Cada día está más solo don Simón. El más audaz, el más querible de los pensadores de América, cada día más solo. A los ochenta años, escribe:
—Yo quise hacer de la tierra un paraíso para todos. La hice un infierno para
mí.
(298)
¡Vea la Europa cómo inventa, y vea la América cómo imita!

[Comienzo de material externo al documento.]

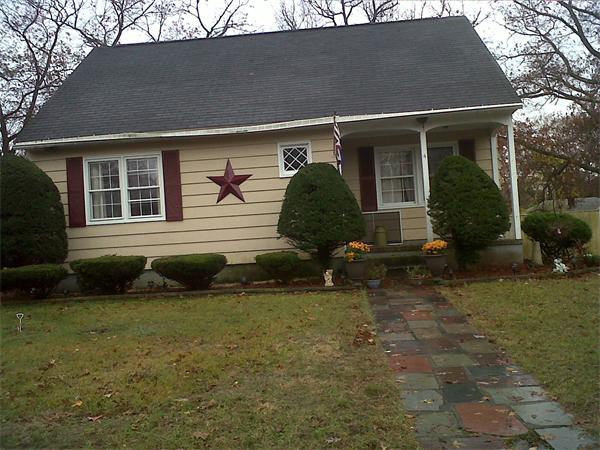 4 Standish Road Lawrence, MA 01843 - Photo 1 of 2 Gallery Image 1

Unos toman por prosperidad el ver sus puertos llenos de barcos… ajenos, y sus casas convertidas en almacenes de efectos… ajenos. Cada día llega una remesa de ropa hecha, y hasta de gorras para los indios. En breve se verán paquetitos dorados, con las armas de la corona, conteniendo greda preparada «por un nuevo proceder» para los muchachos acostumbrados a comer tierra.
¡Las mujeres confesándose en francés! ¡Los misioneros absolviendo pecados en castellano!
La América no debe imitar servilmente, sino ser original.
La sabiduría de la Europa y la prosperidad de los Estados Unidos son, en América, dos enemigos de la libertad de pensar. Nada quieren las nuevas repúblicas admitir, que no traiga el pase… Los estadistas de esas naciones, no consultaron para sus instituciones sino la razón; y ésta la hallaron en su suelo. ¡Imiten la originalidad, ya que tratan de imitar todo!
¿Dónde iremos a buscar modelos? Somos independientes, pero no libres; dueños del suelo, pero no de nosotros mismos.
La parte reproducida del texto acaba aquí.